Nas tentativas de superar seus limites internos o capitalismo provoca uma crise que leva a um novo patamar de relações entre as forças inerentes ao processo produtivo, mas, por não eliminar os elementos antagônicos, uma nova crise desponta no percurso deste processo. “As crises não são mais do que soluções momentâneas e violentas das contradições existentes, erupções bruscas que restauram transitoriamente o equilíbrio desfeito” (Marx, 1980c:286, O Capital, liv. III, vol. IV, cap. XV).

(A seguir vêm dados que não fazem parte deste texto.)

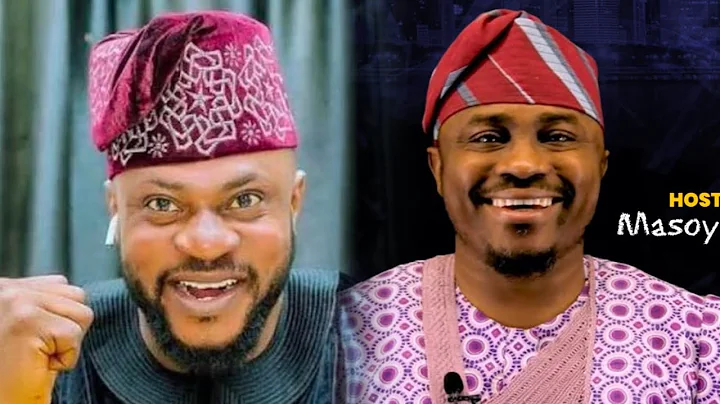 OAFP AWARD! SEE ODUNLADE ADEKOLA REACTION AS MASOYINBO SPRAYS HIM MONEY AT HIS AWARD NIGHT 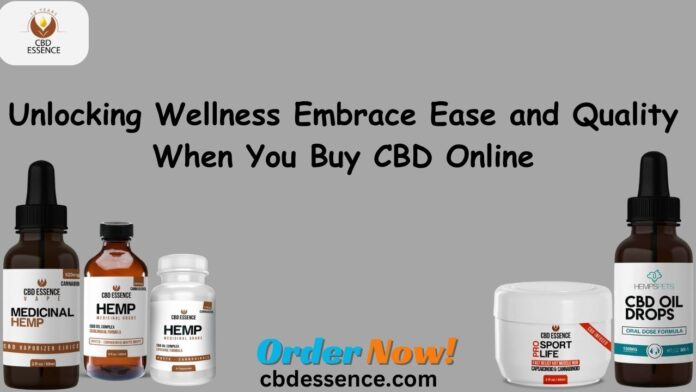 buy CBD online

Outra conseqüência é a que incide sobre a população concentrada nos espaços urbanos pelo próprio processo de produção capitalista concentrou nos espaços urbanos. Ao produzir maior volume de mercadorias com a ampliação do capital constante, o capitalismo faz surgir uma superpopulação relativa de trabalhadores (Cf. Marx, 1980c:249, O Capital, liv. III, vol. IV, cap. XIII). Ao diminuir o poder de compra da população concentrada e ao mesmo tempo procurar realizar a mais-valia no mercado, o capitalismo fica dispondo de um volume de produtos também excessivo para a capacidade de compra desta população dentro dos limites e objetivos do capital. A mais-valia extorquida encontra dificuldades para realizar-se. Este é, finalmente, o elemento que caracteriza a crise da produção capitalista. Ela é, portanto, uma crise de realização da mais-valia.